Covariates and outcomes considered in different PGSs

	Same‐sample score	Schatz score	Eisner score	TENOR score	Meta‐score
Covariates	7	3	2	10	15
ACQ score	X
Currently smoking	X
Chronic sinusitis complaint	X
Hospitalization for asthma	X	X			X
Steroid course for asthma within last year	X	X			X
Predicted FEV1	X
Fraction of exhaled nitric oxide	X
Income		X			X
Severity of asthma score			X		X
Asthma control test			X		X
Age				X	X
Sex				X	X
Race				X	X
Body mass index				X	X
Predicted FVC				X	X
History of pneumonia				X	X
Diabetes				X	X
Cataracts				X	X
Intubation for asthma				X	X
Steroid bursts in the prior 3 months				X	X
Outcomes
Exacerbation at 1 year	X				X
Hospitalization at 1 year		X
Unscheduled care visit at 1 year			X
Emergency department visit or hospitalization at 6 months				X

Abbreviations: ACQ, Asthma Control Questionnaire; FEV1, prebronchodilator forced expiratory volume in 1 s; FVC; postbronchodilator forced capacity volume; PGS, prognostic score.

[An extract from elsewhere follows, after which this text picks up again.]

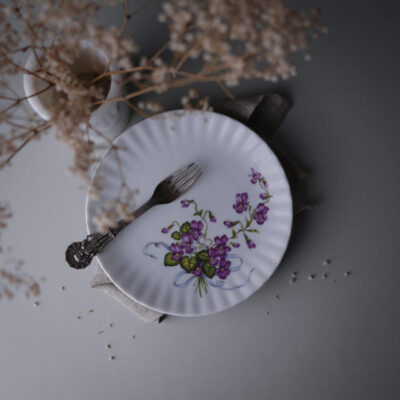 Tallerkner med Lilla Blomster, 4 stk.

Covariates and outcomes considered in different PGSs Abbreviations: ACQ, Asthma Control Questionnaire; FEV1, prebronchodilator forced expiratory volume in 1 s; FVC; postbronchodilator forced capacity volume; PGS, prognostic score. We performed a full matching analysis on the PGSs to estimate the ATT.6 To address the issue of missing data (which concerned only the same‐sample PGSs), we used multiple imputation as described by Leyrat et al37 in propensity score analysis, who recommend to apply Rubin's rules on the estimated treatment effects across the imputed datasets, and not over the scores. We therefore created 10 imputed datasets. In each imputed dataset, we fit three PGSs (based on ML, ridge, and LASSO) to the control arm, matched on each on these three scores (separately), and estimated the treatment effect. We then averaged the treatment effect estimates obtained from the 10 imputed datasets. We computed standard errors of treatment effect estimates (and 95% confidence intervals [CI]) by bootstrapping (1000 iterations): we resampled the initial dataset with replacement and performed in each bootstrap sample all aforementioned analyses, including multiple imputations.38 We estimated the standard errors as the standard deviations of the estimates across the 1000 iterations.

Results

In the subgroup of 281 female patients, the active “treatment” (ie, strategy aiming at PCa) was allocated to 134 individuals (47.7%). Table 2 summarizes baseline characteristics and predicted outcome risks across the two groups. Twenty‐three (15.6%) and 21 (15.7%) patients experienced an exacerbation at 1 year in the “control” and in the “treatment” group, respectively. Thus, a naïve approach ignoring the potential for confounding bias would estimate the treatment effect to be equal to 0.001, on an absolute risk difference scale. Note that given the few outcomes observed in the control arm, the same‐sample PGSs—in particular, the one estimated by ML—may have suffered more from overfitting issues (ratio of events per variable [EPV] = 3.3) than did the “meta‐score” (EPV = 7.7).39, 40

Table 2

Baseline characteristics and predicted outcome risks in the subgroup of female patients (N = 281)

	Ca	PCa
	n = 147 (42.7%)	n = 134 (37.7%)
ACQ score	1.22 (SD: 1)	1.02 (SD: 0.96)
Currently smoking	21 (14.5%)	22 (16.9%)
Chronic sinusitis complaint	20 (13.7%)	17 (13.2%)
Hospitalization for asthma	14 (9.5%)	15 (11.2%)
Steroid course for asthma within last year	39 (26.5%)	27 (20.1%)
Predicted FEV1 (%)	92.29 (SD: 14.33)	92.35 (SD: 16.75)
Fraction of exhaled nitric oxide	26.40 (SD: 30.96)	21.83 (SD: 21.18)
Schatz score (logit scale)	−3.32 (SD: 0.61)	−3.30 (SD: 0.56)
Eisner score (logit scale)	−1.06 (SD: 0.48)	−1.11 (SD: 0.45)
TENOR score (logit scale)	−3.75 (SD: 0.87)	−3.81 (SD: 0.89)
Exacerbation at 1 year	23 (15.6%)	21 (15.7%)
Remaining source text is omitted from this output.